• [TASK REQUIREMENTS]: Within the records below is a range that opens at the line with "Voorjaar Bloemen Een Tuin — Stockfoto" and closes at the line with "( - D01JMZU1B)". Return that range word for word, both ends included, and only that range.

(Records from a data source)

────────────────────

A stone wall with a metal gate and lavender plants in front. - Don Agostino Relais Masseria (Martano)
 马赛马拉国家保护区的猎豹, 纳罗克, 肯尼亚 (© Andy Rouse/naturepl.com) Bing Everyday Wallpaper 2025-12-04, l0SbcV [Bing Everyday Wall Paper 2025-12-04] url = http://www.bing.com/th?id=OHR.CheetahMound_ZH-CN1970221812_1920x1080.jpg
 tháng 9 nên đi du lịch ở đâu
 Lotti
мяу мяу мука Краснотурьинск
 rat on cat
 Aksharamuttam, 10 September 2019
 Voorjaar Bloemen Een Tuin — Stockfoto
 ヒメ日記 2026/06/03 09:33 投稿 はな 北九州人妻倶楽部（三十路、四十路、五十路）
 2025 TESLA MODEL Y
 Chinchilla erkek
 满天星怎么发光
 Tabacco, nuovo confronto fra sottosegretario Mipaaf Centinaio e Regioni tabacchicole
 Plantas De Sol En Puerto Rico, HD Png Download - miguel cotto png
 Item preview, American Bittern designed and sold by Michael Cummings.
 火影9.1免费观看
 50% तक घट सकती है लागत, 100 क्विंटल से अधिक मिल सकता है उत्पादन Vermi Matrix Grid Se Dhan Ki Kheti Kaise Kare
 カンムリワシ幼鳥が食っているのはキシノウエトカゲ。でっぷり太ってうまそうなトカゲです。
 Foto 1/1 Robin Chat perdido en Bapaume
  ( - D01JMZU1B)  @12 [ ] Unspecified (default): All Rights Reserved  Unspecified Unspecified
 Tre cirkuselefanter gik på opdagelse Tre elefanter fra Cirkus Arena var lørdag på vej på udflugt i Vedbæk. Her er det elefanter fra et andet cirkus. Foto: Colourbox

────────────────────

• [TASK RESPONSE]:
 Voorjaar Bloemen Een Tuin — Stockfoto
 ヒメ日記 2026/06/03 09:33 投稿 はな 北九州人妻倶楽部（三十路、四十路、五十路）
 2025 TESLA MODEL Y
 Chinchilla erkek
 满天星怎么发光
 Tabacco, nuovo confronto fra sottosegretario Mipaaf Centinaio e Regioni tabacchicole
 Plantas De Sol En Puerto Rico, HD Png Download - miguel cotto png
 Item preview, American Bittern designed and sold by Michael Cummings.
 火影9.1免费观看
 50% तक घट सकती है लागत, 100 क्विंटल से अधिक मिल सकता है उत्पादन Vermi Matrix Grid Se Dhan Ki Kheti Kaise Kare
 カンムリワシ幼鳥が食っているのはキシノウエトカゲ。でっぷり太ってうまそうなトカゲです。
 Foto 1/1 Robin Chat perdido en Bapaume
  ( - D01JMZU1B)  @12 [ ] Unspecified (default): All Rights Reserved  Unspecified Unspecified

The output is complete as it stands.